Limitation indue des chances de retourner au travail

[40] Le prestataire n’a pas [fixé] de conditions personnelles qui auraient pu limiter indûment ses chances de retourner au travail pour la période du 5 octobre 2020 au 21 décembre 2020 et du 11 janvier 2021 au 23 avril 2021.

[41] Le prestataire affirme qu’il ne l’a pas fait parce que son travail de cours comportait de 15 à 24 heures par semaine et qu’il était disponible pour travailler pendant les soirs de semaine et toute la fin de semaine.

[42] La Commission affirme que le prestataire était seulement disponible la fin de semaine en dehors de son horaire de cours et qu’il accordait la priorité à son travail de cours plutôt qu’à un emploi à temps plein.
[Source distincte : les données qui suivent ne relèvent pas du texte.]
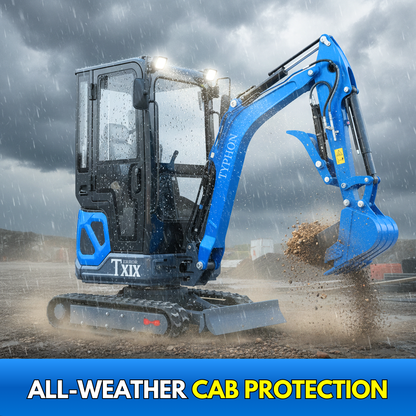 TYPHON TERROR XIX Prestige, 20.4 HP Kubota D902 4200lbs Mini Excavator with Boom Swing, Retractable Tracks, and Heater Cabin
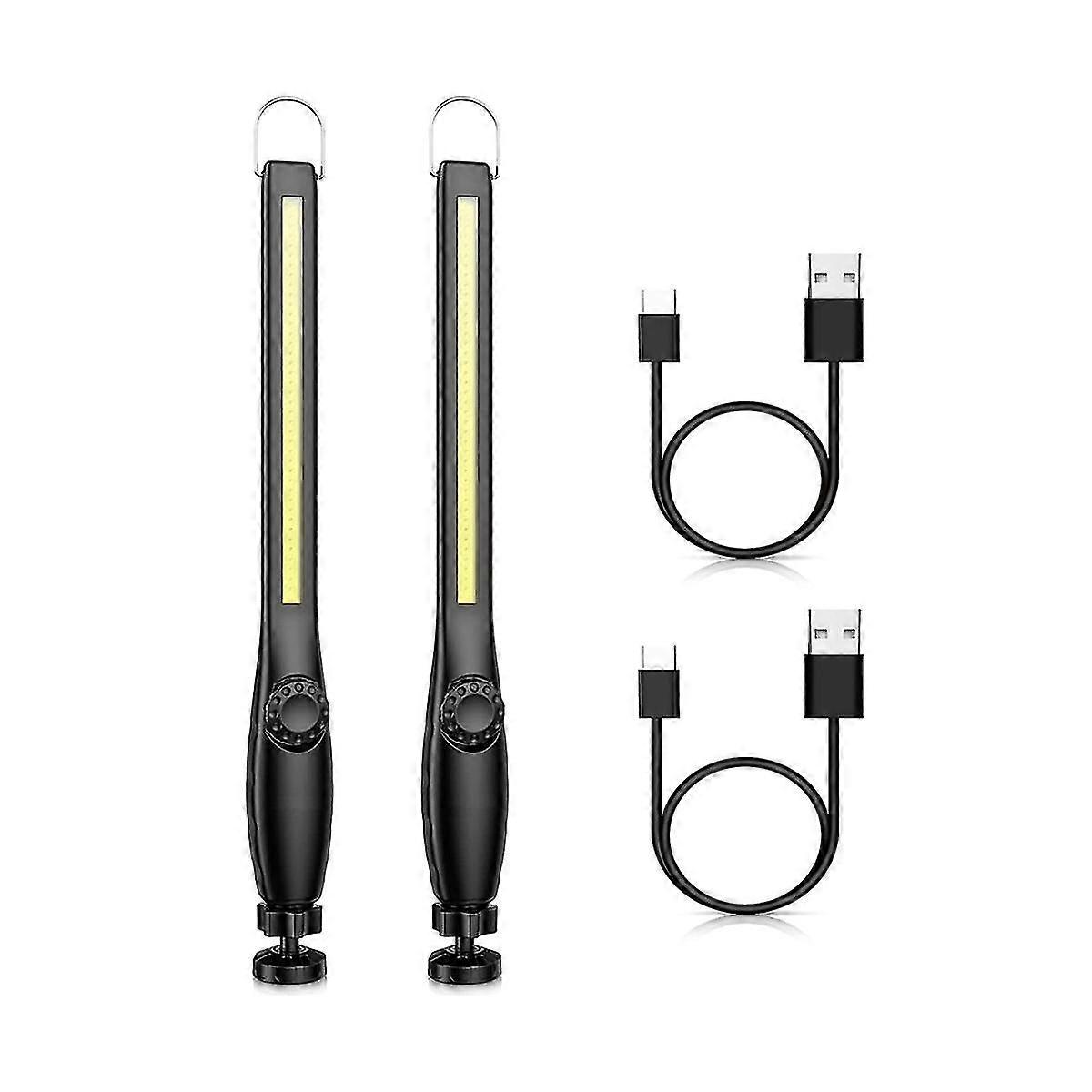 2Pcs COB LED Flashlight Magnetic Work Light USB Rechargeable Torch Hook Lantern Inspection Light Ca
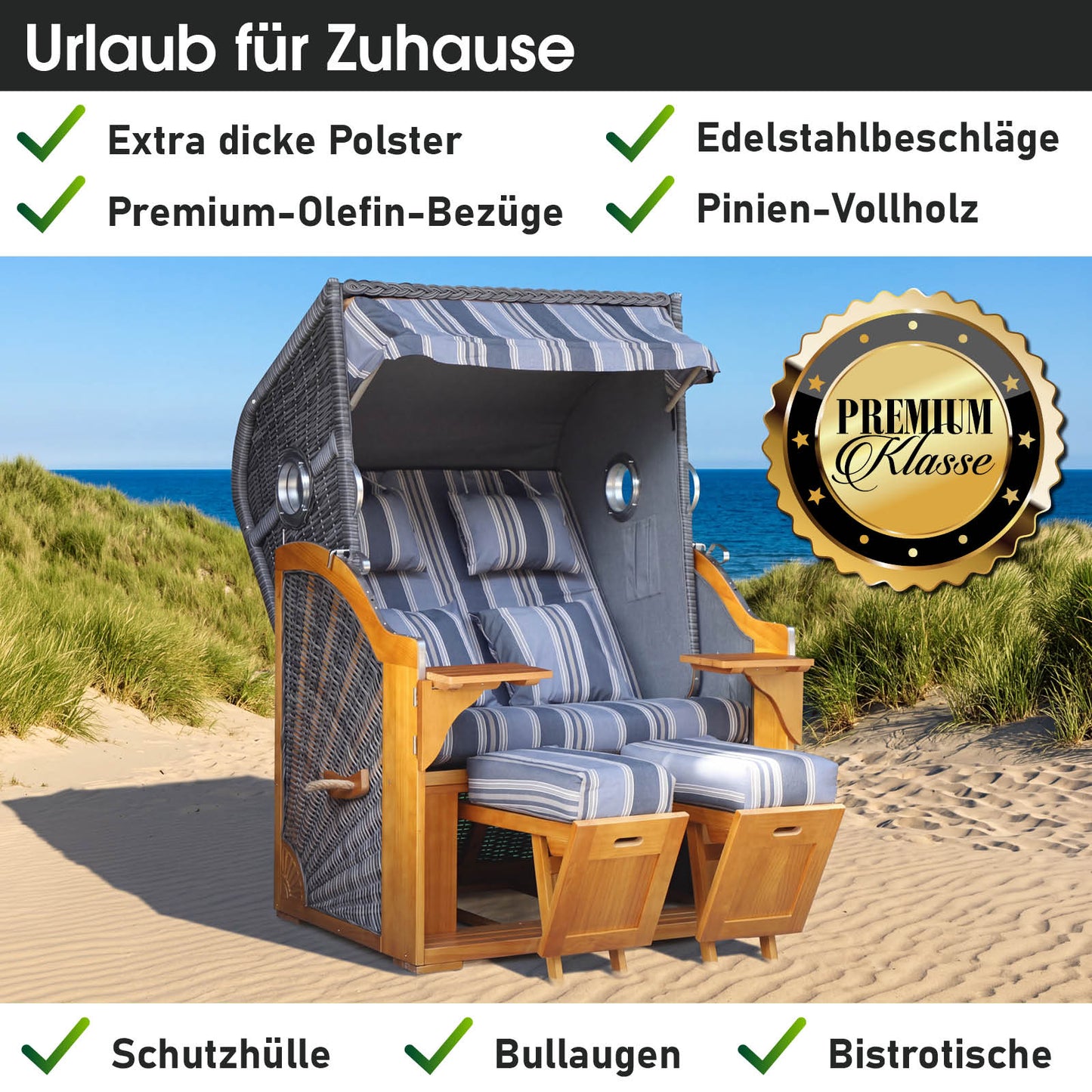 Strandkorb OCEAN VIEW Prestige grau / blau / beige gestreift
[43] J’estime que le prestataire n’a pas indûment limité ses chances de retourner au travail pour la période du 5 octobre 2020 au 21 décembre 2020 et du 11 janvier 2021 au 23 avril 2021. Je tire cette conclusion parce que le prestataire était en mesure de terminer ses cours du lundi au vendredi à 16 h 30 et qu’il pouvait travailler les soirs et la fin de semaine. Je sais que la Commission a fait valoir que le prestataire préférait se concentrer sur l’école plutôt que sur un emploi à temps plein. Néanmoins, j’accepte comme crédible le témoignage du prestataire selon lequel il était disponible pour travailler (après 16 h 30) pendant la semaine et toute la journée pendant les fins de semaine parce que ses déclarations étaient détaillées et plausibles.

[44] Toutefois, j’estime que le prestataire a établi des conditions personnelles qui ont indûment limité ses chances de retourner au travail pour la période commençant le 13 septembre 2021. Je tire cette conclusion parce que le prestataire a affirmé que son horaire de cours avait changé après le 13 septembre 2021 et qu’il est devenu [traduction] « extrêmement occupé ». De plus, le prestataire a déclaré que l’école était sa [traduction] « préoccupation principale » après le 13 septembre 2021. En bref, les obligations scolaires du prestataire étaient plus importantes après le 13 septembre 2021, ce qui limitait indûment ses chances de retourner au travail.

Somme toute, le prestataire était-il capable de travailler et disponible à cette fin?

[45] À la lumière de mes conclusions sur les trois éléments, je conclus que le prestataire a démontré qu’il était capable de travailler et disponible à cette fin, mais incapable de trouver un emploi convenable du 5 octobre 2020 au 21 décembre 2020, et du 11 janvier 2021 au 23 avril 2021.

[46] Toutefois, d’après mes conclusions sur les trois éléments, le prestataire n’a pas démontré qu’il était capable de travailler et disponible à cette fin, mais incapable de trouver un emploi convenable à partir du 13 septembre 2021.

Conclusion

[47] Le prestataire a démontré qu’il était disponible pour travailler au sens de la loi du 5 octobre 2020 au 21 décembre 2020 et du 11 janvier 2021 au 23 avril 2021. Pour cette raison, je conclus que le prestataire n’est pas inadmissible à recevoir des prestations pour ces deux périodes. Ainsi, le prestataire pourrait avoir droit à des prestations pour la période du 5 octobre 2020 au 21 décembre 2020 et du 11 janvier 2021 au 23 avril 2021.

[48] Toutefois, le prestataire n’a pas démontré qu’il était disponible pour travailler au sens de la loi à partir du 13 septembre 2021. Par conséquent, je conclus que le prestataire ne peut pas recevoir de prestations d’assurance-emploi à partir du 13 septembre 2021.

[49] L’appel est donc accueilli en partie.